Жаркое лето, стр. 10

— Вы чего молчите? — спросил Пыховых Сотник. — Вы не согласны, да?

Братья Пыховы сначала покраснели, потом, не сговариваясь, отвернулись от Сашки. Пыхов Ким вправо, а Пыхов Гриша — влево.

По свекольному полю возвращалась от колхозниц Анна Николаевна. Подошла к Сотнику:

— Как тут у вас?

— Обсудили, Анна Николаевна… Вас ждем…

Анна Николаевна села на бугорок, положила на согнутое колено блокнот, стала что-то писать. Закусит нижнюю губу, пошевелит бровями и снова пишет. Но вот закончила считать и сказала:

— Смотрите, что у меня получилось… Саша Трунов прорывал свеклу как попало. Из каждой свеклы на заводе могли получить пять кусочков сахара. Теперь сахар погиб. Пятьдесят килограммов потеряли на одном рядке!

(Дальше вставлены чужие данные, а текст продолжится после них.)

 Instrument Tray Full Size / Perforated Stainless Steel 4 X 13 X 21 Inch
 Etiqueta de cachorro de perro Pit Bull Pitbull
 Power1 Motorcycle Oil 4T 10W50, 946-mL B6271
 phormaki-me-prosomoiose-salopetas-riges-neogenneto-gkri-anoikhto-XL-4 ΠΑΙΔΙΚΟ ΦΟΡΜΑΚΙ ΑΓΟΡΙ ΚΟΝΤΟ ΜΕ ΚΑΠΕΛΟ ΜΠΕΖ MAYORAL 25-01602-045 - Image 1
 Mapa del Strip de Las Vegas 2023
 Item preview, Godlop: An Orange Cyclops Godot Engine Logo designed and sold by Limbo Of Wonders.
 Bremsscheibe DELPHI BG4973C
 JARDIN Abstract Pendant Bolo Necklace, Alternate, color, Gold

— Ого! — воскликнул Пыхов Ким. — В самом деле пятьдесят?

— Точно! Полмешка сахара. Одному человеку целый год чай пить.

Анна Николаевна спрятала блокнот, спросила Сашку:

— Ну, вот, теперь скажи, пожалуйста, кого ты без сахара оставил? Чего молчишь!

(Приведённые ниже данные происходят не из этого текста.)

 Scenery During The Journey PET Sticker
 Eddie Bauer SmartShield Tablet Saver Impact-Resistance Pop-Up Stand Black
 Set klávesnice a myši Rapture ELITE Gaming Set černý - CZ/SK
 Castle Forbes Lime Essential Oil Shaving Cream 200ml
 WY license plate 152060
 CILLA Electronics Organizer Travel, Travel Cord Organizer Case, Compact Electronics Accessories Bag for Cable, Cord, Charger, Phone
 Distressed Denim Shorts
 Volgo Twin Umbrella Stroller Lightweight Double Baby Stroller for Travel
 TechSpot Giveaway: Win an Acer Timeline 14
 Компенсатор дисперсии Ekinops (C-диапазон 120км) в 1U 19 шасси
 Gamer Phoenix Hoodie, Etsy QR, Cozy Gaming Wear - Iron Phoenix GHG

Ребята дружно подняли вой.

— Гнать Сашку!

— Долой!

— На мыло!

Молча сидел бригадир Сотник, смотрел по очереди на Сашку и на Ваняту. Казалось, подойдет он сейчас к Ваняте, возьмет за шиворот и встряхнет, как мешок с сахаром. «А ты, Пузырев, чего молчишь? Тебя это тоже касается! Дрейфишь, да?»

Ванята ерзал по земле, как на горячей сковородке, на которой чумазые черти жарят в свое удовольствие грешников и разгильдяев.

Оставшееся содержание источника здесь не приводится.